# i7 8700k + Hyper 212 Evo



## DeadlyTitan (Nov 23, 2017)

So, i was initially going to buy an i7 8700(non K) and use a Hyper 212 rather than the stock cooler, but unfortunately all the i7 8700's are out of stock and only i7 8700k are available. I am getting very impatient as that's the only part missing in my build and want to just get the i7 8700k and not over clock it and just run it at stock clocks

so how well will that hyper 212 evo do if i am never going to oc that i7 8700k and just run at stock speeds.

PS - mother board - ASUS PRIME Z370-P


----------



## Jetster (Nov 23, 2017)

It's actually perfect. Just slow the fan and it will be quiter than the stock heatsink


----------



## Vya Domus (Nov 23, 2017)

I would recommend an AIO liquid cooler.


----------



## DeadlyTitan (Nov 23, 2017)

Vya Domus said:


> I would recommend an AIO liquid cooler.




Well its not a new 212, its from my last build and sparsely used. Also i never plan to overclock and i will take air coolers over AIO's anyday, just personal bad experience a pump failure when i was in the middle of work nearly fried my last cpu. 




Jetster said:


> It's actually perfect.
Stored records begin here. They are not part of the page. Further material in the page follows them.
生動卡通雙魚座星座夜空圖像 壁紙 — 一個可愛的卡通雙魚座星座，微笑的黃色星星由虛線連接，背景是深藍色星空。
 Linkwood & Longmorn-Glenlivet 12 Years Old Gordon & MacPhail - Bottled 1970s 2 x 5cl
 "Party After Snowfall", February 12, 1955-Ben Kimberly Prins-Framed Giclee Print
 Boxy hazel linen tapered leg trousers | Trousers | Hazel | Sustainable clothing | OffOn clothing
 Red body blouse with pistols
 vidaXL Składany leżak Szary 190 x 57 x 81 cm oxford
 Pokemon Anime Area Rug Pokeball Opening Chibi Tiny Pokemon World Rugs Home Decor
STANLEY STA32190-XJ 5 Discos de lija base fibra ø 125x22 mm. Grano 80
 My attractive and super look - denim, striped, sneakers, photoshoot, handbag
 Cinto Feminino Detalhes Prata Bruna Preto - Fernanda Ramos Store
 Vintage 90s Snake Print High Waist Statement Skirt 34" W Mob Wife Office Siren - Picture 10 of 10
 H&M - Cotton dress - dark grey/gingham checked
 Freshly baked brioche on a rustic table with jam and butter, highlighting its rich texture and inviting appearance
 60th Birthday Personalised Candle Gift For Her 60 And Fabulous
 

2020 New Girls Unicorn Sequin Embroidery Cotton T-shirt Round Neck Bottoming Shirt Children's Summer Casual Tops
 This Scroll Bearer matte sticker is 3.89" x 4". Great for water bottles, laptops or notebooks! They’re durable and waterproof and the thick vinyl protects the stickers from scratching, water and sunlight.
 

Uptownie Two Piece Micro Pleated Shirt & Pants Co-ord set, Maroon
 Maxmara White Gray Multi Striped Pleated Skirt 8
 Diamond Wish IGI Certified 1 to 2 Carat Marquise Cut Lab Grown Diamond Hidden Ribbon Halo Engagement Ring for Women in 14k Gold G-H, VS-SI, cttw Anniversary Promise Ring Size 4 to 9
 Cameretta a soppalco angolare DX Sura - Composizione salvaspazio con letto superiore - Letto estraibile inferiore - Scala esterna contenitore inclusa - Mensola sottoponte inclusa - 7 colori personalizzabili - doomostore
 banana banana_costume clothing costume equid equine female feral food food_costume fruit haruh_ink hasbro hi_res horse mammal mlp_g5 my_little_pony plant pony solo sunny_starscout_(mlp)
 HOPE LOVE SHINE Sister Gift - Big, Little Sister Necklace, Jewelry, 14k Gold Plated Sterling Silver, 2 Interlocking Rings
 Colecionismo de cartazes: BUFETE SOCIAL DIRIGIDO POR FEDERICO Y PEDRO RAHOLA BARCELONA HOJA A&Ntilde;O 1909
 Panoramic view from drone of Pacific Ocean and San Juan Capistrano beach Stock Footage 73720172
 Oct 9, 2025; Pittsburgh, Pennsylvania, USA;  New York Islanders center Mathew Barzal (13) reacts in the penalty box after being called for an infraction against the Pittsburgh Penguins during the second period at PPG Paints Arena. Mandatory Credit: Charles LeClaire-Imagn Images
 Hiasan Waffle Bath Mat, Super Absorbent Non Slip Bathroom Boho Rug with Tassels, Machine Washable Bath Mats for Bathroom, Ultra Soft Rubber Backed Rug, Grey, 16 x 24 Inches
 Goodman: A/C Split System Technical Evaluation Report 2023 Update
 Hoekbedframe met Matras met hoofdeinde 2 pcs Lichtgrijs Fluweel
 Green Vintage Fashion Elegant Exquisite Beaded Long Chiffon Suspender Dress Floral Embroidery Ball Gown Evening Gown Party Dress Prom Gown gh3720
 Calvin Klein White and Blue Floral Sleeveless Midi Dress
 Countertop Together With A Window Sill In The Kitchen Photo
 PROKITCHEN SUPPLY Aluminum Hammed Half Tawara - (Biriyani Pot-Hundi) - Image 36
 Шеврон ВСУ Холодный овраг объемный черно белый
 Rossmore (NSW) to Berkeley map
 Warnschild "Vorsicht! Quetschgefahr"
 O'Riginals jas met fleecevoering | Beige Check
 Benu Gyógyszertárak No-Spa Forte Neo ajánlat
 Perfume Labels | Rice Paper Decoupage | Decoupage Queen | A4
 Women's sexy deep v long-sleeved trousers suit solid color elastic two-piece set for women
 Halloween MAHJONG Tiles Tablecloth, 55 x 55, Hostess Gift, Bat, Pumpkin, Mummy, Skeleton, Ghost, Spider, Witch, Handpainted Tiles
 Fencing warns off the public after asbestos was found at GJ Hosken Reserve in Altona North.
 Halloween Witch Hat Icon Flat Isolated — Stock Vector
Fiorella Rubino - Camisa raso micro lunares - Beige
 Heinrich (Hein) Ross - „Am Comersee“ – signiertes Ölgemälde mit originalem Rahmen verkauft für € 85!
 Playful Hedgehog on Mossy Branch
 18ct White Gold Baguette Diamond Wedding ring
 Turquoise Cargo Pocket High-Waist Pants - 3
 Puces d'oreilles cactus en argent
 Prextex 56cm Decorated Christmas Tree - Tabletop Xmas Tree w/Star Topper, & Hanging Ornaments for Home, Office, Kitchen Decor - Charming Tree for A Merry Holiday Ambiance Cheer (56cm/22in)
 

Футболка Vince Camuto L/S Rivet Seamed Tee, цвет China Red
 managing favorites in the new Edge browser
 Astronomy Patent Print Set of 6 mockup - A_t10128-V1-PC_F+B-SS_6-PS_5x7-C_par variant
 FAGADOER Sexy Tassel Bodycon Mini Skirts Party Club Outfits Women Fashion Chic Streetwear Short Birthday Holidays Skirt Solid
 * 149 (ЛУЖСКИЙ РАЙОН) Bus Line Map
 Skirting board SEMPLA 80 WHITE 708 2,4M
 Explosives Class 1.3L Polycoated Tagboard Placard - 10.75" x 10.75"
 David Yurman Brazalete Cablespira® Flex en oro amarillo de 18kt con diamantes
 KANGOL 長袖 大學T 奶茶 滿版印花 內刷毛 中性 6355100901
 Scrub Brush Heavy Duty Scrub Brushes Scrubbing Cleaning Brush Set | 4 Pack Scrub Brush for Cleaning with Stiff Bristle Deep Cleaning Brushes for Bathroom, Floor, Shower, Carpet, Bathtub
Just slow the fan and it will be quiter than the stock heatsink



Really ?

The thing is i cant have those big tower coolers which take up ram slots as i have pretty tall rams, all this cooler selection gives me a headache which is why i always choose the non K chips, easier for my simple brain.


----------



## thebluebumblebee (Nov 23, 2017)

DeadlyTitan said:


> so how well will that hyper 212 evo do if i am never going to oc that i7 8700k and just run at stock speeds.


Just as well as it would on any other Intel processor with a 95 watt TDP.


----------



## Tatty_One (Nov 23, 2017)

The 8700k is likely to be a little warmer than the non K as it's stock and boost clocks are higher but I would give it a try with the EVO and run something that will load to full boost and test it, you have not lost anything at that point if it get's a little toasty.


----------



## DeadlyTitan (Nov 23, 2017)

thebluebumblebee said:


> Just as well as it would on any other Intel processor with a 95 watt TDP.



Never owned one, so no real idea. 



Tatty_One said:


> The 8700k is likely to be a little warmer than the non K as it's stock and boost clocks are higher but I would give it a try with the EVO and run something that will load to full boost and test it, you have not lost anything at that point if it get's a little toasty.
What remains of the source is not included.